|What is Organic?|
|Tuesday, 08 February 2011 12:07|
The meaning of ‘Organic’ or ‘Organic Agriculture’ goes far beyond simply not using agrochemical inputs such as fertilizers, herbicides and pesticides. Organics is a wholistic approach to agriculture and agricultural systems and is best described not by a set of definitions but through its key principles and aims.
Organic agriculture, whether in farming, processing, distribution or consumption, is aimed at sustaining and enhancing the health of ecosystems and organisms, from the smallest living entity in the soil to human beings. In the Pacific Islands it is guided by the following principles:
Health – organic agriculture sustains and enhances the health of the soil, which enables the production of healthy plants and animals to enhance the lives of people and their environment, as one and indivisible.
Ecology – organic agriculture is based on living ecological systems and cycles, works with them, emulates them and helps to sustain them.
Fairness – organic agriculture builds on relationships that ensure fairness with regard to the common environment and life opportunities. The key role of farmers and rural communities are recognised and benefits shared equitably with them.
Care – organic agriculture is managed in a precautionary and responsible manner to protect the health and well-being of current and future generations and the environment.
Culture and traditions – Pacific organic agriculture recognizes the value of contributions from traditional agriculture and Pacific cultures.
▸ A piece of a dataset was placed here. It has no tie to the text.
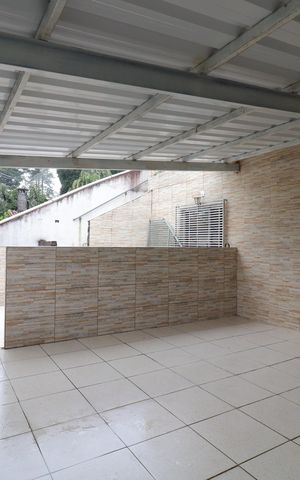 Casa para alugar com 100m², 3 quartos e 1 vagaQuintal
The aims of Pacific organic agriculture are:
1) to produce optimal quantities of food and fibre compatible with human and environmental needs, thus addressing food security risks, reducing reliance on imported inputs, and lessening the impact of negative external economic events;
2) to produce food of high nutritional value that will help address local human health issues;
3) to work within natural systems in ways that enhance those systems, thus enabling effective management of pests, diseases, weeds and other risks to production;
4) to maintain and increase the long-term productivity of soil, that is, to stop land degradation and erosion;
5) to promote wise use of land, water and vegetation and minimise the off farm effects of agriculture on aquatic and terrestrial systems;
6) to foster local and regional production and distribution;
7) to use renewable resources as much as possible;
8) to maintain and increase the long-term fertility and biological activity of soils using locally adapted cultural, biological and mechanical methods as opposed to relying on inputs;
9) to maintain and encourage agricultural and natural biodiversity on the farm and surrounding areas through sustainable production systems and protection of plant and wildlife habitats;
10) to provide balanced nutrients, optimise opportunities to cycle nutrients within the farm, and recycle nutrients and energy that leave the farm or other farms in food and fibre products that are not consumed (that is, organic waste containing energy and nutrients), with the aim of feeding the soil ecosystem;
11) to provide livestock with conditions that satisfy their behavioural and physiological needs;
12) to maintain, or increase as appropriate, the genetic diversity of domesticated and native plants, animals and other organisms on the farm (this precludes the use of genetic engineering techniques);
13) to ensure that everyone involved in organic production has a quality of life that covers their basic needs and that they receive adequate return and satisfaction from their work, including a safe working environment and protection from the negative impacts of chemicals;
14) to progress towards an entire organic production chain, which is both socially just and ecologically responsible, and in which farmers are treated fairly and equitably;
15) to recognise the importance of, and protect and learn from, indigenous knowledge and traditional farming systems;
16) to mitigate the adverse impacts of farming in relation to climate change and provide strategies for adapting production systems to the effects of climate change;
17) to protect the region from the introduction of genetically modified organisms by providing a viable alternative to the use of inputs and practices based on genetic engineering techniques.
POETCom is the peak organics body for the Pacific region, and its secretariat is based at SPC with funding support from the EU Increasing Agricultural Commodities Trade project (IACT). POETCom’s vision is that Organics and Ethical trade will be the key contributors to sustaining our cultures and communities; improving farmer livelihoods, communities, people’s health and the environment in the Pacific.